Some may ask, “If the Scriptures teach truth, why don’t we use Scripture alone to teach our children?” Obviously, this is a problem for everyone, including the asker of the question. Everybody uses other texts in teaching their children. We use math books, history books, the Constitution and Declaration of Independence, English books, and others. However, it is less of a problem than it first appears to be. Moses learned the ways of the Egyptians and it was used in his leading Israel to the Promised Land. Daniel, Meshach, Shadrach, and Abednego were all learned in the ways of Babylon, and Daniel was famous as an advisor in that kingdom and the one that followed. The same can be said to be true of Ezra and Nehemiah. And, of course, we know Paul was learned in Greek and Hebrew ways, as he is known to have quoted Greek poets in his interactions with the Gentiles. There is also evidence that John was using Greek philosophical terms in his arguing for the legitimacy of Jesus as the Christ (Logos), and therefore reveals his familiarity with pagan Greek ways.

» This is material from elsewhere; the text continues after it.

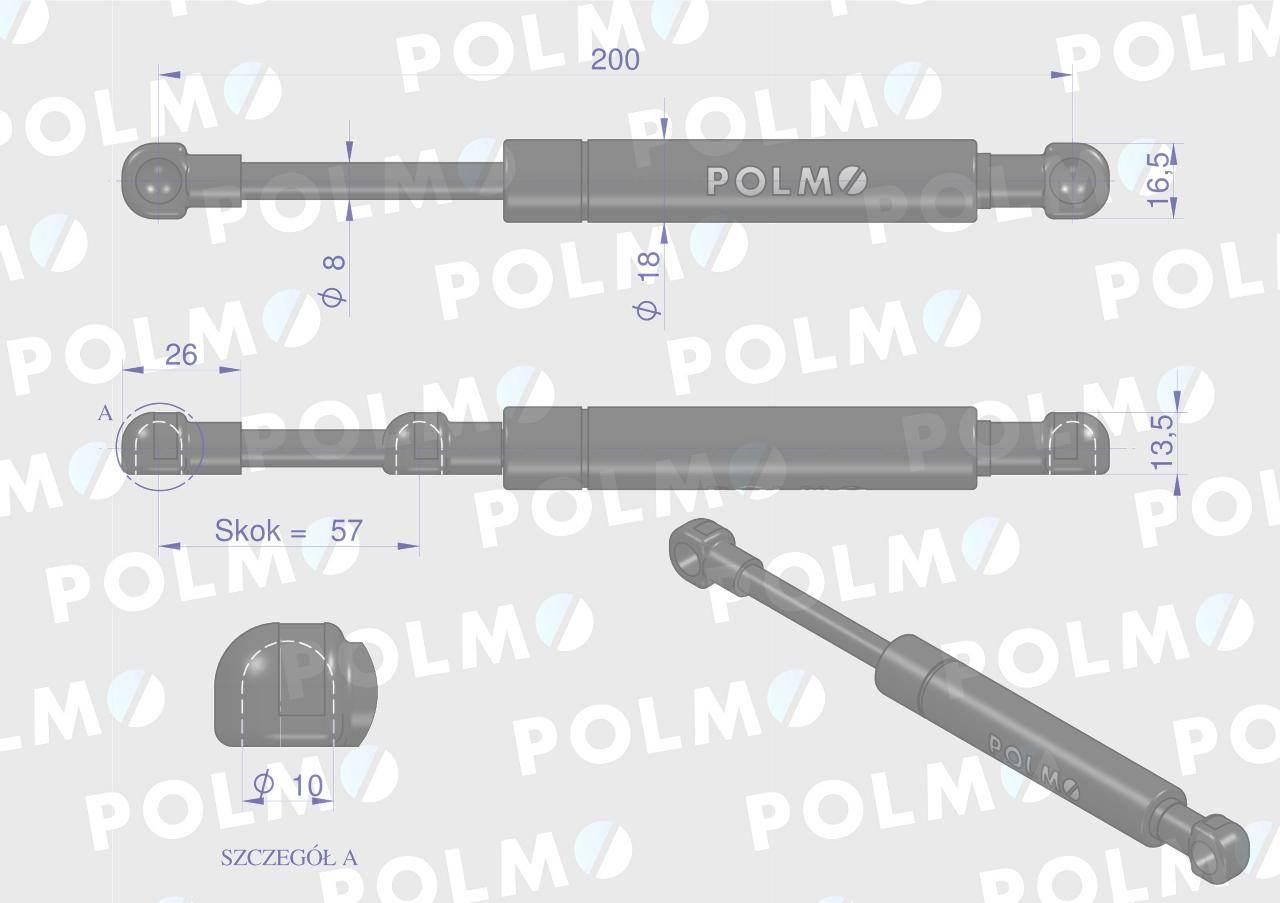 Siłownik drzwi new holland 44910471 polmo - zdjęcie 2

The truth is that we are created in the Imago Dei, the image of God. God teaches us through narrative and story so that we may learn the truths of Him, His Creation, and His creatures by experiencing them vicariously through others’ stories. If we are to live out the image of our Heavenly Father as parents to our own children, we can teach them the same way. We teach our children how to understand and respond to the evils (and evil philosophies) of this world by allowing them to examine them vicariously through other authors but in the light of the truth of God’s word. We do this for them just as God did this for us through Job and Solomon and others. This is the reason for God’s literature (the Scriptures) and for most books generally, that they allow us to interact with what life is really like before we have to experience it ourselves.